Helicóptero usado – Palco, em abril de 2007, de um incêndio que destruiu 70% das suas instalações, o quebra-gelos argentino ARA Almirante Irízar (indicativo de casco Q5), de 121,3 m de comprimento e 15.000 toneladas de deslocamento, precisou de dez anos para voltar à ativa.
As cifras exatas de sua reconstrução nunca foram suficientemente esclarecidas pela Administração Peronista de Cristina Fernández de Kirchner, mas estima-se que o custo para a Marinha platina não ficou abaixo dos 180 milhões de dólares.
De qualquer forma, o trabalho envolveu uma verdadeira ampliação das capacidades do navio: aumento da área de laboratórios de 74 m² para 415 m², e da capacidade de transportar pessoal, de 245 para 313 tripulantes e cientistas.
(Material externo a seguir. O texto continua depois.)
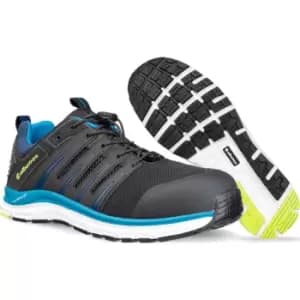 Breeze Impulse Low Trainers Safety Black/Blue Size 40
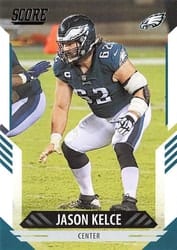 2021 Score Base Set Jason Kelce #78 card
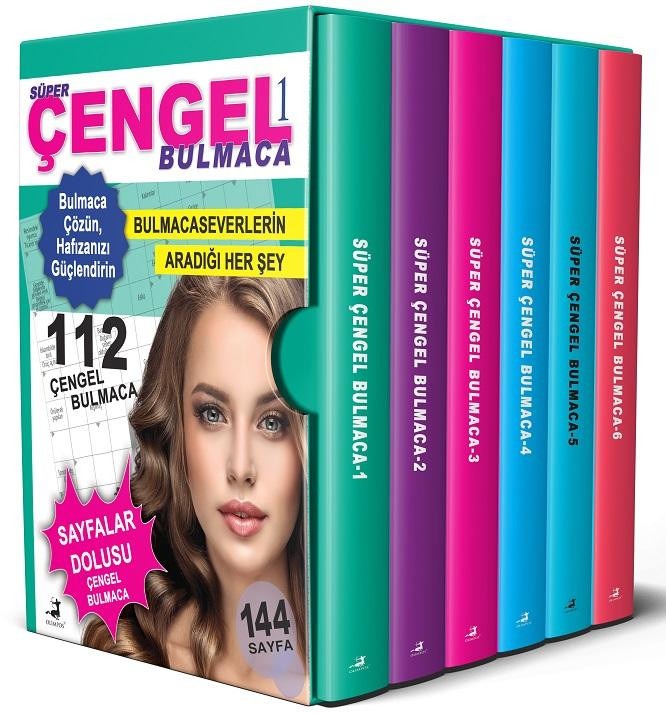 Süper Çengel Bulmaca Seti - 6 Kitap Takım | Olimpos Yayınları (İnce Kapak)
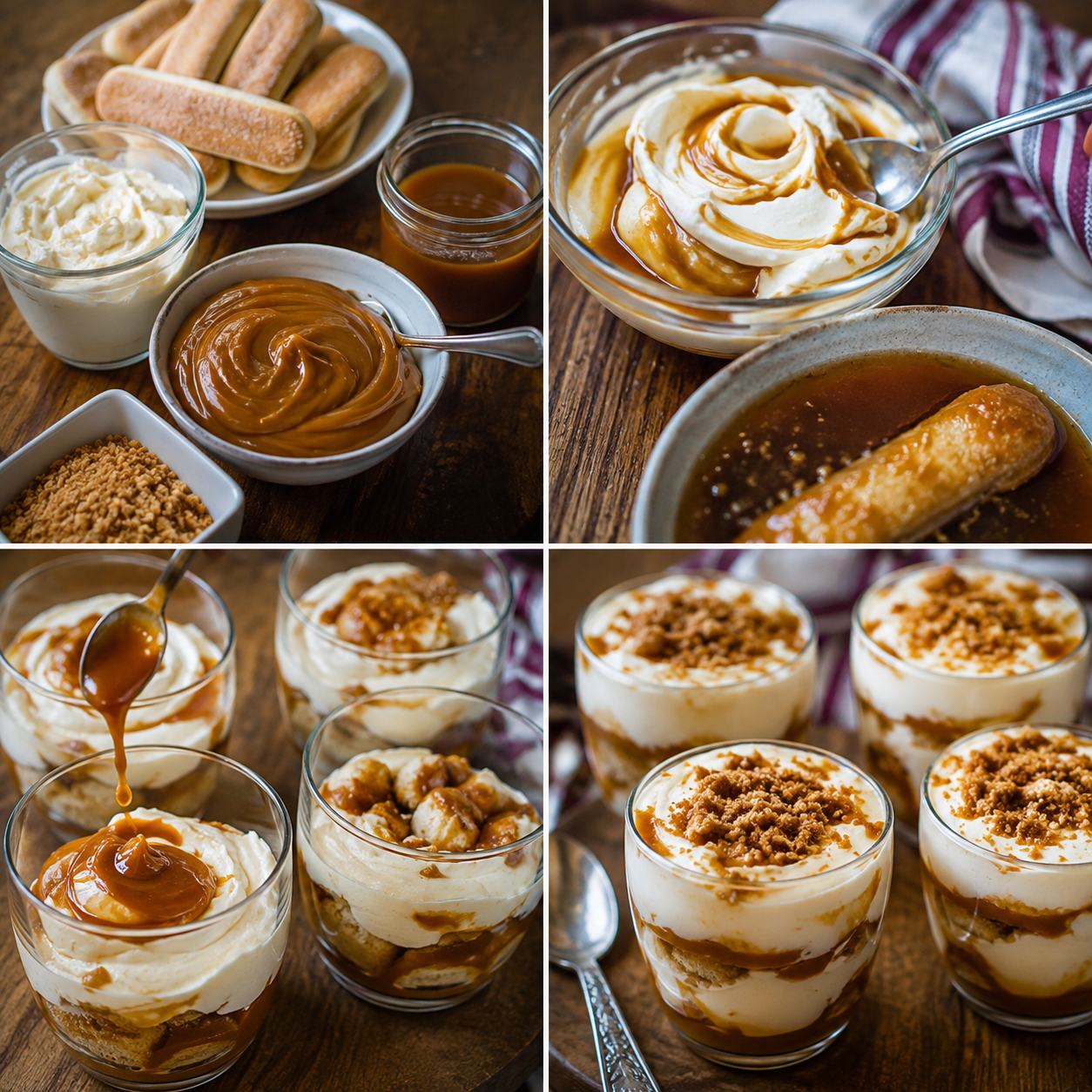 🍮 Tiramisu z Solonym Karmelem – Kremowe, Aksamitne i Bez Pieczenia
Agora, a Armada Argentina tenta obter, nos Estados Unidos, um helicóptero usado tipo Sikorsky SH-60 Sea Hawk, na versão aeronave utilitária, para substituir os antiquados UH-3H Sea Kings pertencentes à 2ª Esquadrilha Aeronaval de Helicópteros da Base Aeronaval Comandante Espora, que embarcam rotineiramente no navio.
A Marinha Peruana pagou 216 milhões de dólares para receber da indústria naval espanhola o navio de pesquisa oceanográfica BAP Carrasco (indicativo de casco BOP-171), de 95,3 m de comprimento e 5.000 toneladas de deslocamento.
O navio tem autonomia para viajar por 51 dias, transportando 50 tripulantes e 60 cientistas.
Maior que o Carrasco será o quebra-gelos que o Chile começou a construir em um de seus estaleiros, no primeiro semestre do ano passado: uma unidade com um importante conjunto de gruas na proa, três conveses de laboratórios e deck de voo à ré. Custo estimado: acima dos 200 milhões de dólares.
O navio brasileiro que substituirá o Ary Rongel deverá ter um comprimento de casco superior a 100 m, tonelagem na faixa das 4.500 toneladas, e capacidade de transportar pouco mais de uma centena de cientistas e operadores da Base Almirante Ferraz. Os almirantes esperam recebe-lo em 2022, último ano da gestão Ilques Barbosa, ou, no máximo, em 2023.
Dois mil e dezoito foi mesmo um ano para a Marinha do Brasil jamais esquecer.